FIG. 7, schematically shows the completion of the STC structure. First a 
dielectric layer, 17, is formed, overlying the polysilicon storage node 
electrode, 16. Dielectric layer, 17, can be an insulator layer possessing 
a high dielectric constant, such as Ta.sub.2 O.sub.5, obtained via r.f 
sputtering techniques, at a thickness between about 10 to 100 Angstroms. 
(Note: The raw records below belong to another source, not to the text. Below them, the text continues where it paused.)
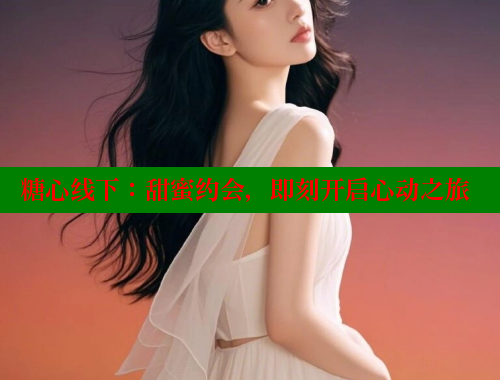 糖心線下：甜蜜約會，即刻開啟心動之旅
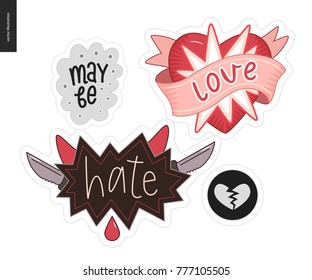 Set of contemporary girlie Love letter logo. A set of vector patches, logo and letter composition. Love, May be, Hate and a broken heart. Vector stickers kit.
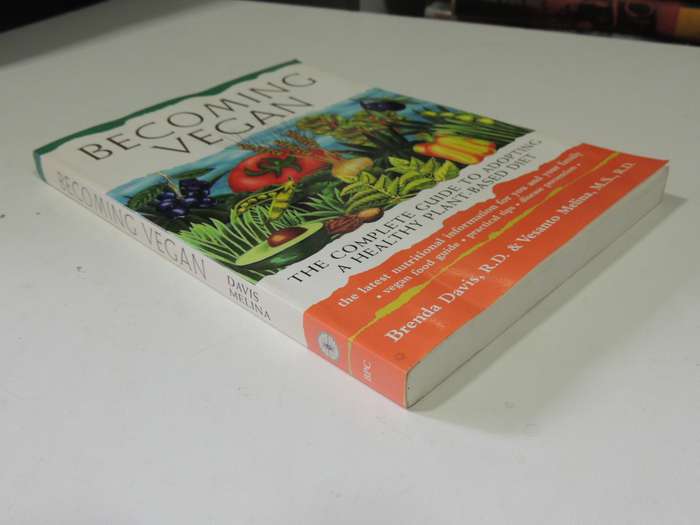 Becoming Vegan, Complete Guide To Adopting A Healthy Plant-Based Diet - Brenda Davis, Vesanto Melina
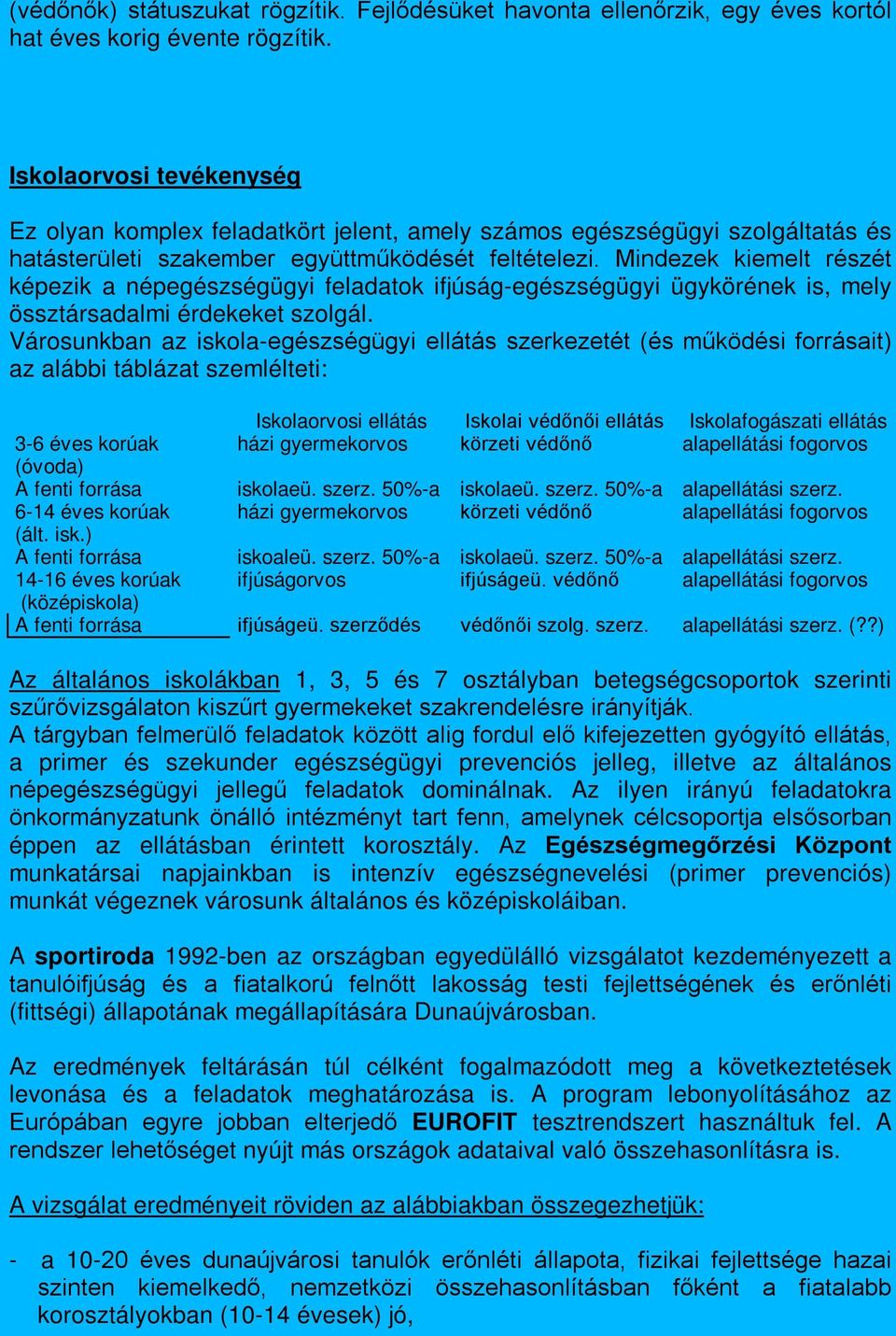 Mindezek kiemelt részét képezik a népegészségügyi feladatok ifjúság-egészségügyi ügykörének is, mely össztársadalmi érdekeket szolgál.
Dielectric layer, 17, can also be ONO, (Oxidized--silicon Nitride--silicon 
Oxide). The ONO layer is formed by initially growing a silicon dioxide 
layer, between about 10 to 50 Angstroms, followed by the deposition of a 
silicon nitride layer, between about 10 to 20 Angstroms. Subsequent 
thermal oxidation of the silicon nitride layer results in the formation of 
a silicon oxynitride layer on silicon oxide, at a silicon oxide equivalent 
thickness of between about 40 to 80 Angstroms. Finally another layer of 
polysilicon is deposited, via LPCVD procedures, at a temperature between 
about 500.degree. to 700.degree. C., to a thickness between about 1000 to 
2000 Angstroms. Doping of this polysilicon layer is accomplished via an 
situ doping deposition procedure, by the addition of phosphine, to the 
silane ambient. Photolithographic and RIE procedures, using Cl.sub.2 as an 
etchant, are next employed to create polysilicon upper electrode, or plate 
electrode, 18, shown schematically in FIG. 5. Photoresist is again removed 
via plasma oxygen ashing and careful wet cleans, resulting in STC 
structure, 18, featuring increased surface area of polysilicon storage 
node electrode, 15. 
While this invention has been particularly shown and described with 
reference to the preferred embodiments thereof, it will be understood by 
those skilled in the art that various changes in form and details may be 
made without departing from the spirit and scope of this invention.